• [WHAT IS BEING ASKED] When the line containing "DAIKODX-89047CAFE饤ȥꥪꥸʥڥȥ饤" is reached, begin reproducing lines exactly and continue through the last line of the records below.

(Web page caption snippets)
>>>>
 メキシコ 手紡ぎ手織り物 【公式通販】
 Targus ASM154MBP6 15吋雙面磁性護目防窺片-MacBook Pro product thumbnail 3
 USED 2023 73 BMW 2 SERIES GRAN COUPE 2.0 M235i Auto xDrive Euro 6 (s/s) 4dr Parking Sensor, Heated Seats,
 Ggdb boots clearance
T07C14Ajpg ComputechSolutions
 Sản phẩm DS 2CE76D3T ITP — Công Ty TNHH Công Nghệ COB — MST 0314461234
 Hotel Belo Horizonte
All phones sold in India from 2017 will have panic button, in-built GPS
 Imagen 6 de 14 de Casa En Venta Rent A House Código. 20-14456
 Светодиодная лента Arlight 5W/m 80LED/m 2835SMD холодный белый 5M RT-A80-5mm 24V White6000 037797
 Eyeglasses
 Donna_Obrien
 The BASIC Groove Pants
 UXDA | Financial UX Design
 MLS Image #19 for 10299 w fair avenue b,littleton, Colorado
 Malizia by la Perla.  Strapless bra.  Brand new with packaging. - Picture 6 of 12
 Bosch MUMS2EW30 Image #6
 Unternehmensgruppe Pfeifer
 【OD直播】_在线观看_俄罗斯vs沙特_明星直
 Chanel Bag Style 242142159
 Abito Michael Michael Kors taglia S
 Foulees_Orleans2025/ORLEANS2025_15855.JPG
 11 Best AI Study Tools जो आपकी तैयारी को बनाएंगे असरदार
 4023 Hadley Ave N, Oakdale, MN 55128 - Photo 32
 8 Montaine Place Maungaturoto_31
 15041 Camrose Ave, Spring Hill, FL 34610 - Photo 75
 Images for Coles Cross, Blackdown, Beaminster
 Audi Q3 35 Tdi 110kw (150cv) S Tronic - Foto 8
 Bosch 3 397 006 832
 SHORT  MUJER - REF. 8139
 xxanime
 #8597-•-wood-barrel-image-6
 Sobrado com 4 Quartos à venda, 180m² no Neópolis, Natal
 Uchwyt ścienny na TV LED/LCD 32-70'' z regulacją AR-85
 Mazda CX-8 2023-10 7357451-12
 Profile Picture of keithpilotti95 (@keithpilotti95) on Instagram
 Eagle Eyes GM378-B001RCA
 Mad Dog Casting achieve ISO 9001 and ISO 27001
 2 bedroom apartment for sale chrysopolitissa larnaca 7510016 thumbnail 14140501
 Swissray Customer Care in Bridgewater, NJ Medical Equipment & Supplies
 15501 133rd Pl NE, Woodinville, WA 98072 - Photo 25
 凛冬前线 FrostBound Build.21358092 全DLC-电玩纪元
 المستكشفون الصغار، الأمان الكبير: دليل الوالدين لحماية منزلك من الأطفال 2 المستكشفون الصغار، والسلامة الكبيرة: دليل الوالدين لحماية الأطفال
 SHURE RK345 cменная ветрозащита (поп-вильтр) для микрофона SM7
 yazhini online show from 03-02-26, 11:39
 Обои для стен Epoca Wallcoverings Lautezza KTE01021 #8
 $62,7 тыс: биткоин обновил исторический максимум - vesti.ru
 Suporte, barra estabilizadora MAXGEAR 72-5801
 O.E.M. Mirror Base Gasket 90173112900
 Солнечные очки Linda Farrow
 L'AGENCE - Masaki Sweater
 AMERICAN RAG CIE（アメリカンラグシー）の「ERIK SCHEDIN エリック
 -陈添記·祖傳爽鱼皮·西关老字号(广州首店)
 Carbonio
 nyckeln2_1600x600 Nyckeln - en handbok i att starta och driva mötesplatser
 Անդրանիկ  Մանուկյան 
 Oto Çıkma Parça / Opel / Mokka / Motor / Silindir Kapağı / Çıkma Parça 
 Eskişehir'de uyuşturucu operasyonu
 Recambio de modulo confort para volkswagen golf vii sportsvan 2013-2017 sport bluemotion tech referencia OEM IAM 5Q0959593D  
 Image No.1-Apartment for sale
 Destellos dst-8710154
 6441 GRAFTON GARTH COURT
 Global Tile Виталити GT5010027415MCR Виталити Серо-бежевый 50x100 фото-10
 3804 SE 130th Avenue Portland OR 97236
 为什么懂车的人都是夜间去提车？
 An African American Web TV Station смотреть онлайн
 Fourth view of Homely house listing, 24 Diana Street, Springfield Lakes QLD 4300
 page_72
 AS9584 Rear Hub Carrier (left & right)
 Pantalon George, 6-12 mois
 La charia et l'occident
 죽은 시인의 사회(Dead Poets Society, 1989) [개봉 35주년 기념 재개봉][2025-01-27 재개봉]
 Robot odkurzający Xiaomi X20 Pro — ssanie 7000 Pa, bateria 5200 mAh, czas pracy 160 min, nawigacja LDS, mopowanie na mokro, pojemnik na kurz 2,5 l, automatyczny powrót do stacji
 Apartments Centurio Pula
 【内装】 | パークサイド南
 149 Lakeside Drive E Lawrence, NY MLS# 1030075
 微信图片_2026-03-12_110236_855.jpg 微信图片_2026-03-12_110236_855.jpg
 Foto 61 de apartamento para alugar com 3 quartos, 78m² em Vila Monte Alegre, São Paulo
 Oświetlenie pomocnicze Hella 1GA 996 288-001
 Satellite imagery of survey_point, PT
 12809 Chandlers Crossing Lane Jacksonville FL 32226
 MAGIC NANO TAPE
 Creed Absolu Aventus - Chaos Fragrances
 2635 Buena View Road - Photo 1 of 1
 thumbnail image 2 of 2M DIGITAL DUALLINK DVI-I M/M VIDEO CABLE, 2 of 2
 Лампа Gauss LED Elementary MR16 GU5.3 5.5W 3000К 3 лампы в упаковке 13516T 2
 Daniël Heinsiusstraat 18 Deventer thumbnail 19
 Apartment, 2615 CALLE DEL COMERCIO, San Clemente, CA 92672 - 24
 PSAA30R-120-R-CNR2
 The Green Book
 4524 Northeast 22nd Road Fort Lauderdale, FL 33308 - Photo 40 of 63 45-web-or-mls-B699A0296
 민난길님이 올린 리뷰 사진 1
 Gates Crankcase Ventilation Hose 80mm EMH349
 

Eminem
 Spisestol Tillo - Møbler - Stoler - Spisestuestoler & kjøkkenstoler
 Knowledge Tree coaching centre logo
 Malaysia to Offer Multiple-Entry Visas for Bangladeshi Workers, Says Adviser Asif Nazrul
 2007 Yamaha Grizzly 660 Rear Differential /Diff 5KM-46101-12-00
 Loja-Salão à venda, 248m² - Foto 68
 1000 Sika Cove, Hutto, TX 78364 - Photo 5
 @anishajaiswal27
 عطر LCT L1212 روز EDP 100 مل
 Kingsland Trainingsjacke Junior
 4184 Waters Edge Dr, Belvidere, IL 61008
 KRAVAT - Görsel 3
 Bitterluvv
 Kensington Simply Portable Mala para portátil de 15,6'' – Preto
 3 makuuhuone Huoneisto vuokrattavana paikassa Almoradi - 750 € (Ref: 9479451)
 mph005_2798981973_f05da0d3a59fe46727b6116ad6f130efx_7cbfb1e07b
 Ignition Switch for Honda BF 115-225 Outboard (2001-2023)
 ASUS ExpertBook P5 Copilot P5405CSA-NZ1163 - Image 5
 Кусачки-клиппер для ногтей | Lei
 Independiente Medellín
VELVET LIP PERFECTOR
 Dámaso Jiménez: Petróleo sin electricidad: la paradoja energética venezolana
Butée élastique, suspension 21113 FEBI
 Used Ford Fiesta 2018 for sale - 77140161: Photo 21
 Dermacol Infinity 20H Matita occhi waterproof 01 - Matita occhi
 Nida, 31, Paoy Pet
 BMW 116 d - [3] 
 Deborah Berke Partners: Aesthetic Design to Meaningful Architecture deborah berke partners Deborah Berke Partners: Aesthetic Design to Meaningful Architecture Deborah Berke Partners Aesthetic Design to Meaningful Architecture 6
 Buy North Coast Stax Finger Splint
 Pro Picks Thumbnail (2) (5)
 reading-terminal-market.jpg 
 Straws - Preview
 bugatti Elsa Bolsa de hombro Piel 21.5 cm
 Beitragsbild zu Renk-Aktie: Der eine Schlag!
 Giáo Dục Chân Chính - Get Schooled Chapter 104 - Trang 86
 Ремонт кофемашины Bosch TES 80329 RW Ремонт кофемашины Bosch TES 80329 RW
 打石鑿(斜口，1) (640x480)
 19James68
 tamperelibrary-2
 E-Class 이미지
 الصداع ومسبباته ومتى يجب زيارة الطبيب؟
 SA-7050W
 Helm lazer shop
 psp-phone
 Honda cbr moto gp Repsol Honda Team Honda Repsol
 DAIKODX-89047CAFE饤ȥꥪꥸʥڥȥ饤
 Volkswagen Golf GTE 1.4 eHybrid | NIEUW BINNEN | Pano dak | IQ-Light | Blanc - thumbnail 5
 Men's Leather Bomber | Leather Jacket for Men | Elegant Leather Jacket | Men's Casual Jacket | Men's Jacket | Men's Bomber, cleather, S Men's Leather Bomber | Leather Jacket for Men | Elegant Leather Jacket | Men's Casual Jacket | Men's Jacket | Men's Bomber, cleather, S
<<<<
• [RESULT OF THIS EXERCISE]
 DAIKODX-89047CAFE饤ȥꥪꥸʥڥȥ饤
 Volkswagen Golf GTE 1.4 eHybrid | NIEUW BINNEN | Pano dak | IQ-Light | Blanc - thumbnail 5
 Men's Leather Bomber | Leather Jacket for Men | Elegant Leather Jacket | Men's Casual Jacket | Men's Jacket | Men's Bomber, cleather, S Men's Leather Bomber | Leather Jacket for Men | Elegant Leather Jacket | Men's Casual Jacket | Men's Jacket | Men's Bomber, cleather, S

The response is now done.